|
|
Re: Final version is...?
|
Posted: Nov 19, 2008 9:35 AM
|
|
The version number is just there to keep track of exactly which version of the book you're looking at. The way you can know it is a completed book is that it says "First Edition" not "PrePrint Edition" on the copyright page. In the PDF filename, there's a 1Ed, which means first edition.
Whenever we make any minor changes, such as to fix typos, and do a new release, we'll bump up the version number. The initial batch of paper books are at Version 5, for example. The reason the eBook is Version 6 is that we changed a handful of res10, res11, res12, etc., Scala interpreter output numbers in a few places, so that they matched what went into the code example zip file. Those are the only changes, very minor, between the initial print run of the First Edition paper book and the initial First Edition eBook, but it was enough to cause us to increment the version number.
We'll be deploying an errata page soon, and from time to time expect we'll need to do reprints (as we get low on copies of the paper book).

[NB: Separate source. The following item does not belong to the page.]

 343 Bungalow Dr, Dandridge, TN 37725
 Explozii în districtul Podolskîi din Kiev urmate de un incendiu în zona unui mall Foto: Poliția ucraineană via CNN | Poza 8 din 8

For each reprint we may take the opportunity to fix typos that were reported via the errata app, and those changes will cause us to bump up the version number. So the second printing of the First Edition will likely result in a Version 7, and whenever we bump a version up for the paper book, we'll release an eBook at the same version number. But we only expect to be making minor changes this way, not major ones. Major changes would be reserved for a Second Edition, Third Edition, etc.